Green firm #2

Eco factors part of Body Shop's makeup

Companies tend to think sustainability will force them to compromise on profits, but beauty chain The Body Shop finds that it can win and retain customers precisely because environmental awareness is embedded in its business.

Its sustainable ethos helps keep it relevant in a retail environment where customers flock to online sources and brand-hop.

Ms Yang Kean Hye, The Body Shop's general manager for the Asia-Pacific and Singapore, told The Straits Times in an exclusive interview: "We achieve sustainable business growth and our customers are also loyal because of this value that we have.

"If it were just about products, they could always buy them from any other brand. But for us, each product tells a sustainable story."

One of the retailer's recent moves in Singapore was to introduce in-store recycling boxes for customers to drop off The Body Shop's clean and dry plastic bottles and tubs.

The Body Shop members are rewarded with a digital stamp for every clean and dry bottle or tub returned. They can redeem a trial-sized product such as a mini tube of hand cream when they have collected five such stamps.

The brand's recycling partner Sembcorp collects the bottles and tubs and sends them to the material recovery facility.

Ms Yang said: "We worried a lot initially about customer behaviour, because we know they can be very busy and perhaps not wash the bottles properly.

"But people washed the bottles, and store teams could explain to them why we were doing this. That whole process is important to raise awareness and it helps us to have a positive impact on society."

 

She added that staff are there not just to sell products, but to teach customers about sustainable living, which is a task that will become even more important with a new concept store the company plans to launch here early next year.

The Body Shop, whose headquarters is in Britain, has been in Singapore since 1983 and has 38 outlets.

Ms Yang said: "The concept store will have an environment that is focused on customer engagement. There will be a big sink in the centre with key ingredients in the middle used by The Body Shop. Customers can experiment and play around with the ingredients, perhaps even make their own products. It will give them a reason to physically visit the store."

There will also be a refill section so customers can take their clean and dry empty bottles to the store and fill them up. "This encourages reusing and being sustainable as well," Ms Yang said.

"The stores can even be like schools that raise awareness of activism campaigns."

She added that discussions on sustainability issues can occupy as much as 40 per cent of the time during staff meetings.

Another plan is to launch its own online store where customers can buy products as well as engage with sustainability messages.

The Body Shop has an online presence on Lazada and Ms Yang noted that online sales have done well, but added that it is working on its own online store "so we can provide the same experience online as in physical stores".

"This means people can get more information on our campaigns and activism rather than just buying products. For instance, people can learn about our anti-animal testing ethos and add their comments."

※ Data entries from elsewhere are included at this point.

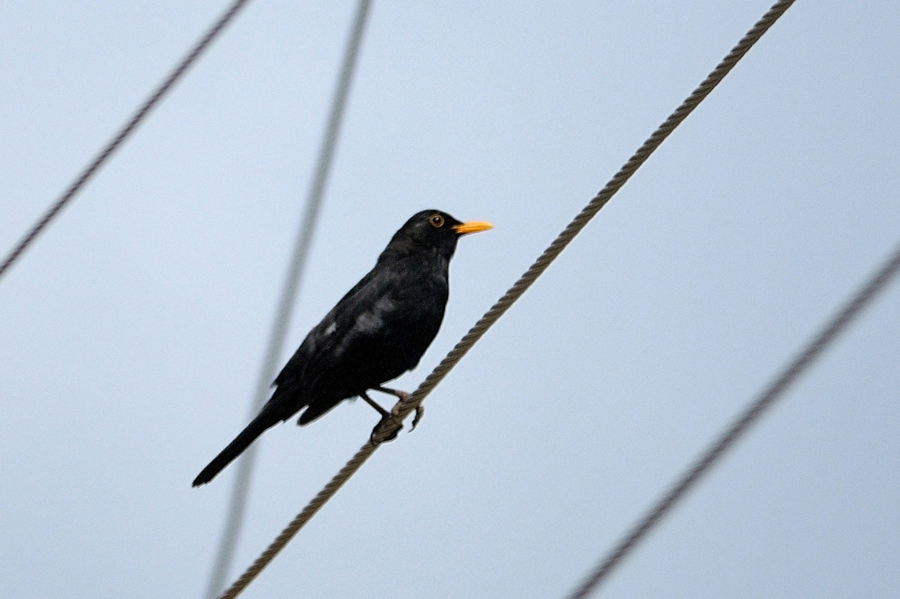 Common Blackbird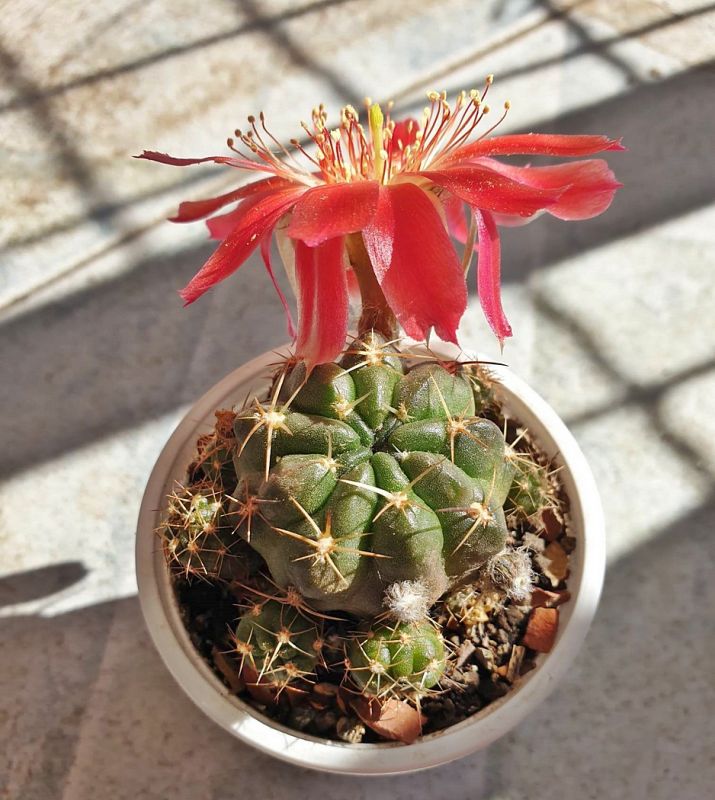 Foto de un cactus que se está identificando actualmente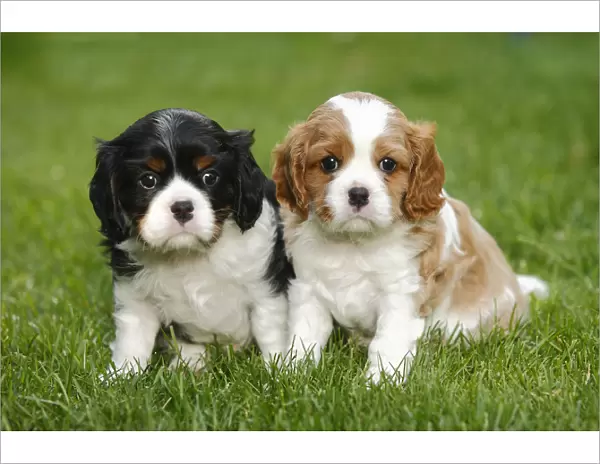 Cavalier King Charles Spaniel, two puppies on grass, blenheim and tricolour, 5 weeks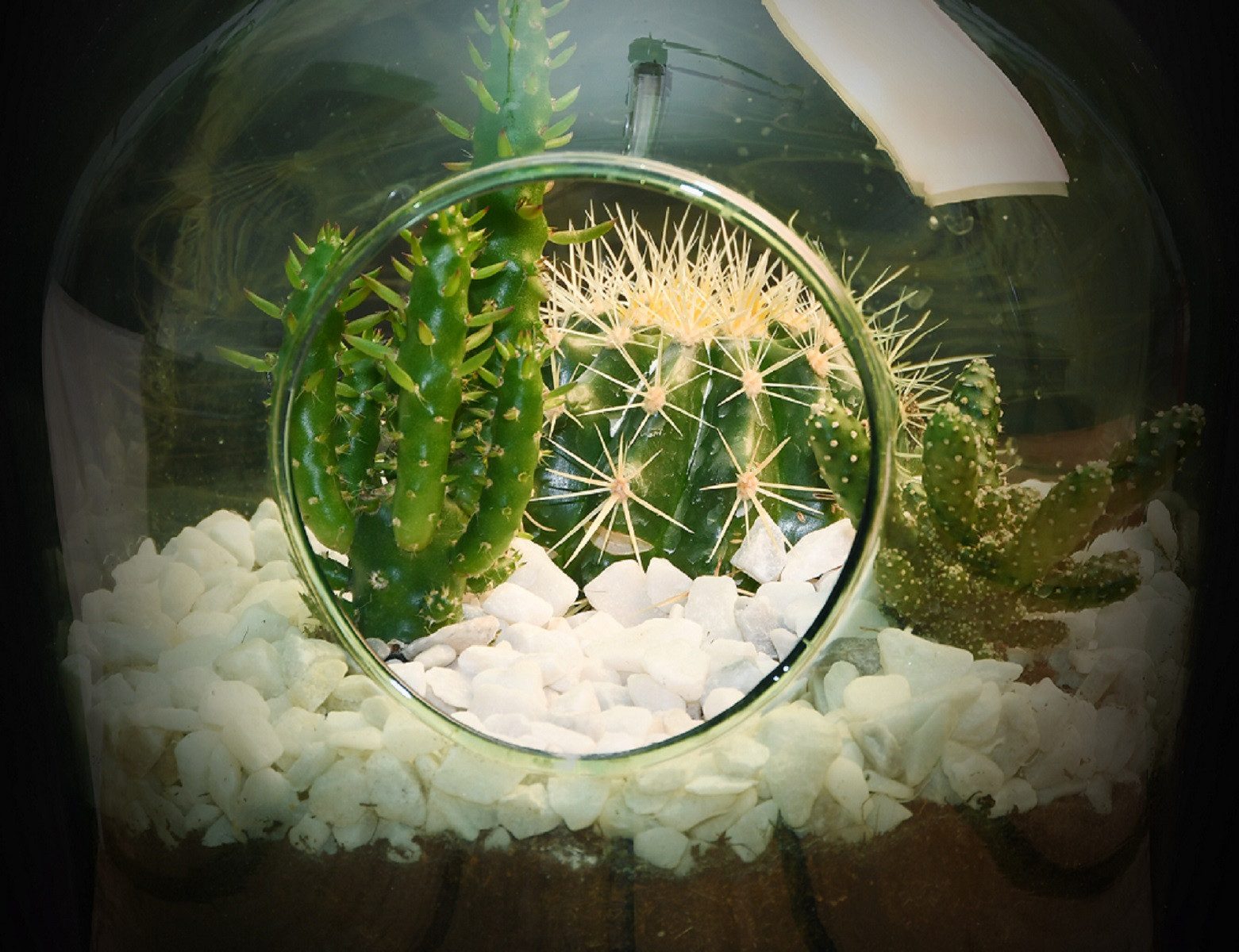 Thumbnail - Dekowunder Pflanzschale 5 Kg Drainage Steine zur Wasserableitung in ihrem Pflanzterrarium Weiß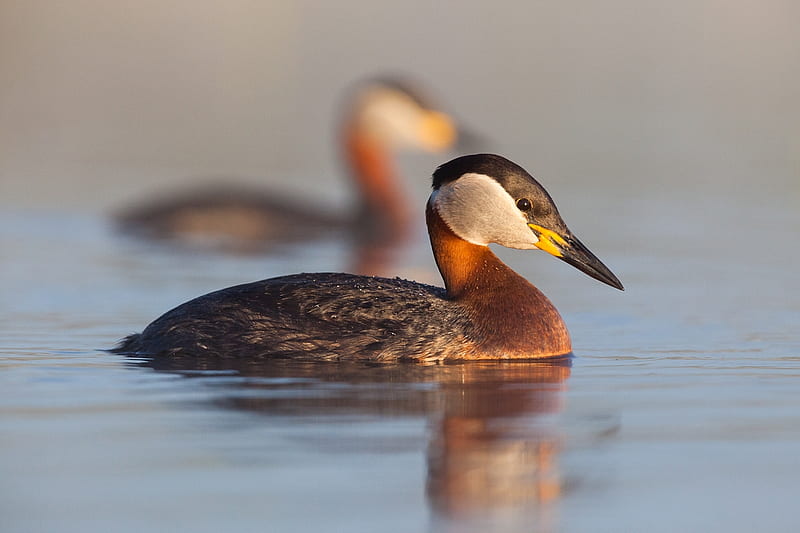 Red Necked Grebe, Nature, Bird Species, Grebes, HD wallpaper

She said the company hopes to launch the website in 2021.

Meanwhile, it continues to push social causes. It is supporting the Singapore Children's Society in a scheme under which 10 cents from every transaction made in stores this holiday season will go towards helping four youth centres. The business aims to donate $20,000.

For next year, the theme is the empowerment of women in society.

Ms Yang said: "Cosmetic brands typically focus on anti-ageing products, such as making wrinkles disappear. But for us, it is about pro-ageing, where every woman is confident and embraces ageing beautifully and with purpose.

"This Christmas, we are also supporting girls in showing them they can be whatever they want."

Its rocket-shaped gift box, for instance, displays a Miss Santa and astronaut motifs featuring girls.

The Body Shop has also worked to support women who are waste pickers in India this year through its community trade partners, who help the company collect recyclable plastic for the production of its bottles. The intention is to give the women a better working environment with predictable income.

Worldwide, the company aims to buy 250 tonnes of recyclable plastic from its community trade partners in India by the end of this year, which is the equivalent of three million bottles. It has suppliers in over 20 countries that ensure ingredients are sourced sustainably while benefiting local communities.

These efforts in sustainability and fair trade helped The Body Shop earn the B Corp certification in September.

It is issued by global non-profit organisation B Lab to recognise companies that meet the highest standards of verified social and environmental performance, public transparency and legal accountability to balance profit and purpose.

Ms Yang said: "For The Body Shop to get the certification, it shows that it was not just a one-off effort but a whole journey to get there. The bottom line of planet, people and profit informs every business decision and action. It has to be embedded in our DNA."